Chapter 8: Gratitude

Attending to, befriending and surrendering to grief, we are surprised to discover a profound gratitude for life.

—Miriam Greenspan, The Wisdom in Dark Emotions, 2017: 4.

Gratitude is the second Gateway of Wisdom on the healing path after Acceptance. Keeping close to one we love after they have died can help us to access and express gratitude for what we had, what was lost, and what remains.

Losing Karl and finding Karl

My life has been destroyed. I have lost everything: all my identities, my whole present, my profession, my future, and my precious love. All I can do is weep. What on Earth is there to be thankful for?

These are my initial thoughts, and I’m sure many readers can relate to them. Isn’t gratitude a ridiculous response to such a disaster? Does that sound familiar to you? Where’s the place for gratitude in such a shocking tragedy?

Well, my experience is that staying connected to our loved one can allow us to find gratitude, as we sense their comfort and hear support and find guidance in their words.

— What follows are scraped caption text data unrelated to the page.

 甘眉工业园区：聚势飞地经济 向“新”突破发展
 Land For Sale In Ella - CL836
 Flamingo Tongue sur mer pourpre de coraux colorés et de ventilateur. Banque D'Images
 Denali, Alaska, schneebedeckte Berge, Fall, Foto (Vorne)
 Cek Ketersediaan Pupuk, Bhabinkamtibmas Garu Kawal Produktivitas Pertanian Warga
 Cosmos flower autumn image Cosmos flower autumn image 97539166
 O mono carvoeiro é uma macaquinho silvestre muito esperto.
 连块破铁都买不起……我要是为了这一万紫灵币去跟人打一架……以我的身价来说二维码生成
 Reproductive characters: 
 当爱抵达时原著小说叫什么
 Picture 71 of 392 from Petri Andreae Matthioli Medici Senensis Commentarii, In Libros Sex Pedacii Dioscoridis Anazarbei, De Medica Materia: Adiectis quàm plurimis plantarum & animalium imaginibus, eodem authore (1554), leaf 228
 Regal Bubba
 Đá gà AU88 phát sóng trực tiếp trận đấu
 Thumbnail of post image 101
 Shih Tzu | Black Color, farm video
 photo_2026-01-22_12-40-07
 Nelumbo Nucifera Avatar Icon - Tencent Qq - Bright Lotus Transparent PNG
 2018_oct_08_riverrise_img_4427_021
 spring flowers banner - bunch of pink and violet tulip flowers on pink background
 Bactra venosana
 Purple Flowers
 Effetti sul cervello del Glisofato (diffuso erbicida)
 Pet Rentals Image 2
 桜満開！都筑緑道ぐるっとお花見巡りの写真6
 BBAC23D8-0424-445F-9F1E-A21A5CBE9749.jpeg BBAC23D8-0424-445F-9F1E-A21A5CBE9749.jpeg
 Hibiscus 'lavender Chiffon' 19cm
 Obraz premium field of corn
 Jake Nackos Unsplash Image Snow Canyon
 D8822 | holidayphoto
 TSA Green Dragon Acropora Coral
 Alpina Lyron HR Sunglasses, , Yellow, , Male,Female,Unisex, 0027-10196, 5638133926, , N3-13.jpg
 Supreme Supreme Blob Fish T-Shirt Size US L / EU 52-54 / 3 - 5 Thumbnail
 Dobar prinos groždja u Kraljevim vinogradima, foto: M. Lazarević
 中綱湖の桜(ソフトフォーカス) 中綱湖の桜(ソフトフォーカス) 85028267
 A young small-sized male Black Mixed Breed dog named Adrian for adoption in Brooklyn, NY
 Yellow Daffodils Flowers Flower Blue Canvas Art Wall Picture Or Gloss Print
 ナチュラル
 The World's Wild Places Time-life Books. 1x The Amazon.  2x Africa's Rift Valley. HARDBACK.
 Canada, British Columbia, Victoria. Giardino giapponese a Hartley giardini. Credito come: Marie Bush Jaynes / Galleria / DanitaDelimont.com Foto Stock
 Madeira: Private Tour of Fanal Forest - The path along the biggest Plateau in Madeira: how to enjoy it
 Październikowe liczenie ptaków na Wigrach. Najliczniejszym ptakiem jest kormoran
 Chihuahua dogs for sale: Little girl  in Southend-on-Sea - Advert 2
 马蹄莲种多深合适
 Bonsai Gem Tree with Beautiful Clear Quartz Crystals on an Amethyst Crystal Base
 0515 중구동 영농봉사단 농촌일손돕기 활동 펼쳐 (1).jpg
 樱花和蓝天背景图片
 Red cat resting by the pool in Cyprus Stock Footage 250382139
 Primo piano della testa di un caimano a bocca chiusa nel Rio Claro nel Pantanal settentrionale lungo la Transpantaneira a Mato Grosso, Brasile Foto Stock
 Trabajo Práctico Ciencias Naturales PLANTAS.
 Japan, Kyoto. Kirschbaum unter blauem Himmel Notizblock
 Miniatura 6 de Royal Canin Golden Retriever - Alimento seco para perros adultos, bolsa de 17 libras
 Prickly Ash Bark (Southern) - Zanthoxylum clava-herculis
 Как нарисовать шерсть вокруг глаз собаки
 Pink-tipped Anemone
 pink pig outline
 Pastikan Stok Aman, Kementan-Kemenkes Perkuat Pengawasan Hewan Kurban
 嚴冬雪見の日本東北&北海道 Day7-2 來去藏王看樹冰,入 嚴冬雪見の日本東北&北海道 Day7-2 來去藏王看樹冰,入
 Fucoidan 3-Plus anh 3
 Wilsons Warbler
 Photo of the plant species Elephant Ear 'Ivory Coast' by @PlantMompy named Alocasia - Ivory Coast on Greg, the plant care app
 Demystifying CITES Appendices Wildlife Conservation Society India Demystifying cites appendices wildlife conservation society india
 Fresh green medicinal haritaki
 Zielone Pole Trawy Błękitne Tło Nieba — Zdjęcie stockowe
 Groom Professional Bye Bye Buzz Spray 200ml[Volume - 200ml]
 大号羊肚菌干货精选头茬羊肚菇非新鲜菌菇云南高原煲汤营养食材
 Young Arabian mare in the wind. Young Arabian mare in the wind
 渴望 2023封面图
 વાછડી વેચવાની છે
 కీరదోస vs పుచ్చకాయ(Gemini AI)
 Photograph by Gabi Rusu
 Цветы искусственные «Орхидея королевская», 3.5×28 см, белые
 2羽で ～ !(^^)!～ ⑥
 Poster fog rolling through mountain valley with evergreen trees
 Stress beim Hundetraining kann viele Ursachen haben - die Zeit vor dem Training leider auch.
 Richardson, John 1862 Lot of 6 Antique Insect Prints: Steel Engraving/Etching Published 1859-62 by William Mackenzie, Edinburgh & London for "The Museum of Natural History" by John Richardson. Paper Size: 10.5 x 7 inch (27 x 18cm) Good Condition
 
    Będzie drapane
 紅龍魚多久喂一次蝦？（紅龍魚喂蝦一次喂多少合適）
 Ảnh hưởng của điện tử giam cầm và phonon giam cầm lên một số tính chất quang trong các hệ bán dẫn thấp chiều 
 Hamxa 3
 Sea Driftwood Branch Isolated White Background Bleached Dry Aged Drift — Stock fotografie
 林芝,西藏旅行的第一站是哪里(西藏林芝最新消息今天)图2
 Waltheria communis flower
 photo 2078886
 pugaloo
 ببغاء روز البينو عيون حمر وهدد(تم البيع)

To my astonishment, I discover that losing Karl was also about finding Karl. As I traverse the rough terrain of grief, my loved one becomes my guiding star.

As we approach the Gratitude Gateway, painful and conflicting emotions will almost certainly arise.

Acceptance is tough enough.

So much harsh reality.

I stumble through that rugged Acceptance terrain. And now, I am supposed to feel grateful?

Are you kidding?

But there is no escaping the task of engaging with gratitude and passing through that Gateway into its terrain, for gratitude is an essential component of healing grief. It is the bedrock of most healing practices, including this one. Forming a close bond with my Beloved shortly after he died and persisting in communicating with him opens me to gratitude. I am confident that it can have the same effect on others.

My experience reveals that, as we grieve, learning to dwell in a state of gratitude can help us with the challenging but necessary work of reframing hurtful acts and deep losses as experiences to be grateful for.